Masyarakat pun kalau nanti di fasilitas kesehatan, Gus Ipin mengimbau jangan takut untuk di-swab. Terus jangan takut bila nanti dilakukan treatment. Baik isolasi secara bersama-sama di gedung, jangan takut karena akan ada yang memantau kesehatannya.

“Jangan sampai nanti memaksakan isoman di rumah, terus gejala klinisnya bertambah. Terus nanti cari rumah sakit, kekurangan ruangan atau karena yang lainnya,” pesan suami Novita Hardini Mochamad itu.

Gus Ipin meminta petugas puskesmas hati-hati menetapkan satu kasus, apalagi yang berkaitan soal pembayaran, terutama soal Covid-19.

“Untuk masyarakat, jangan paranoid, ketakutan berlebihan untuk dilakukan testing maupun tracing. Saya pun hampir setiap minggu di-swab. Saya pun pernah menjadi penyintas Covid-19,” imbuh Gus Ipin.

Jadi jangan takut, semakin cepat ketahuan Covid-nya, semakin cepat ditangani maka semakin cepat untuk sembuh. Sehingga tingkat kematian jangan seperti sekarang, kasus di Trenggalek sangat tinggi. Sebab, datang ke rumah sakit gejala klinisnya sudah parah.

Alhamdulillah untuk Pak Supadi, kemarin sempat reaktif. Itu satu bulan semenjak dirawat dan tidak ada gejala klinis lanjutan dan orang di sekeliling beliau juga tidak ada menunjukkan klaster sampai saat ini.

“Yang paling penting itu, kita klarifikasi dan meminta maaf kepada seluruh masyarakat Trenggalek, khususnya kepada keluarga Pak Supadi,” tandas mantan pengusaha peralatan rumah tangga ini.

Kronologi Pasien Covid-19 Pulang Paksa

Sedangkan Marmi, istri Supadi usai ditemui Gus Ipin menceritakan kronologis kejadian yang dialami suaminya.

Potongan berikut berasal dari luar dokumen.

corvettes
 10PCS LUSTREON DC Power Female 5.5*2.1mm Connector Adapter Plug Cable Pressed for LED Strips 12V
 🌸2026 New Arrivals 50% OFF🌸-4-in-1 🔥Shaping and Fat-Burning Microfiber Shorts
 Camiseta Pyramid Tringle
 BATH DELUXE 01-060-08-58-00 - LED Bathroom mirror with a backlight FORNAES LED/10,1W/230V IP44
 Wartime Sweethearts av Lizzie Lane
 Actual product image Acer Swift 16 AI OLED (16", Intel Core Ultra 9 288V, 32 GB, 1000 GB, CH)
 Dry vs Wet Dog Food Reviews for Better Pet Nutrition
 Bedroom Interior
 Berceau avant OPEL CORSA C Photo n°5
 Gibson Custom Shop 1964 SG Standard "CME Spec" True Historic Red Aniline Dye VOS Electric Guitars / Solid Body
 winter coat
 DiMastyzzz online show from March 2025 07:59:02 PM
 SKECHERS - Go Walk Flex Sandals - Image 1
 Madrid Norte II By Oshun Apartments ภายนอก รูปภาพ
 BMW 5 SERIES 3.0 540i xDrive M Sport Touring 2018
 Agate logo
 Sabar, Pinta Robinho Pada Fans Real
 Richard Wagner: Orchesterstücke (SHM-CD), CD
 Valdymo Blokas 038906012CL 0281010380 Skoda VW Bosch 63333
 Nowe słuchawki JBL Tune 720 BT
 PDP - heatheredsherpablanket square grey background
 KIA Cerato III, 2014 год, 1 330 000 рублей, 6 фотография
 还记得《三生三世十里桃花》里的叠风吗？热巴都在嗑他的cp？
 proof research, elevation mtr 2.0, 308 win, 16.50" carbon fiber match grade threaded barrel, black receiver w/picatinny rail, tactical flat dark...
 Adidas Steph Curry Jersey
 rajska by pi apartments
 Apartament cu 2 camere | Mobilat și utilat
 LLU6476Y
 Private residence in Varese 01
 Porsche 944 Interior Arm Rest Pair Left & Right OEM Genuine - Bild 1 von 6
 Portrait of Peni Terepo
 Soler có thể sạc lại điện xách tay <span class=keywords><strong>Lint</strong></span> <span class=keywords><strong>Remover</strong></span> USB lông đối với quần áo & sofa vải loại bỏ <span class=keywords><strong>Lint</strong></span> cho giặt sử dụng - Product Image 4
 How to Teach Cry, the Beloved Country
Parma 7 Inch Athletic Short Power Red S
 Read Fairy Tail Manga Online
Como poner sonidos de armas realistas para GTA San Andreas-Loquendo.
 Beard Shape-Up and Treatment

Saat ke pasar bulan lalu, tepatnya Minggu sore, suaminya mengeluhkan sakit di pinggang. Kadang-kadang keluhan seperti ini, sesudah diinfus sembuh.

“Minggu sekitar pukul 20.00, suami saya sebagai pemegang kartu KIS ini akhirnya dibawa ke Puskesmas Dongko untuk mendapatkan perawatan. Keesokanharinya, pukul 09.00, suami saya diperiksa dengan diagnosis sakit magnya kambuh,” ujar Marmi.

Marmi melanjutkan, lalu pukul 11.00, petugas puskesmas mengabarkan jika suaminya akan di-swab antigen. Namun, dia melanjutkan, setelah dites, hasilnya reaktif. Tapi, dirinya mengaku tak ada biaya, sedangkan KIS-nya tidak berlaku jika pasien pulang paksa.

Dia menjelaskan, Supadi tidak mau diisolasi di rumah sakit dan minta pulang paksa. Karena itu, puskesmas akhirnya meminta biaya perawatan karena dengan pulang paksa, maka KIS yang dipegang Supadi tidak berlaku lagi. Biaya yang dikenakan sekitar Rp 1,3 juta diperuntukkan untuk biaya perawatan di UGD, biaya swab antigen, maupun biaya perawatan di ruang perawatan.

Saat didatangi Bupati Arifin, Marmi berkeluh kesah tentang hidup yang dijalaninya serta bagaimana susahnya harus mendapatkan uang untuk biaya perawatan di rumah sakit. Mulai melupakan kejadian ini, Marmi berharap penanganan kesehatan bagi masyarakat miskin di Trenggalek bisa lebih baik lagi. Dan kejadian yang dia alami semoga tidak terjadi lagi.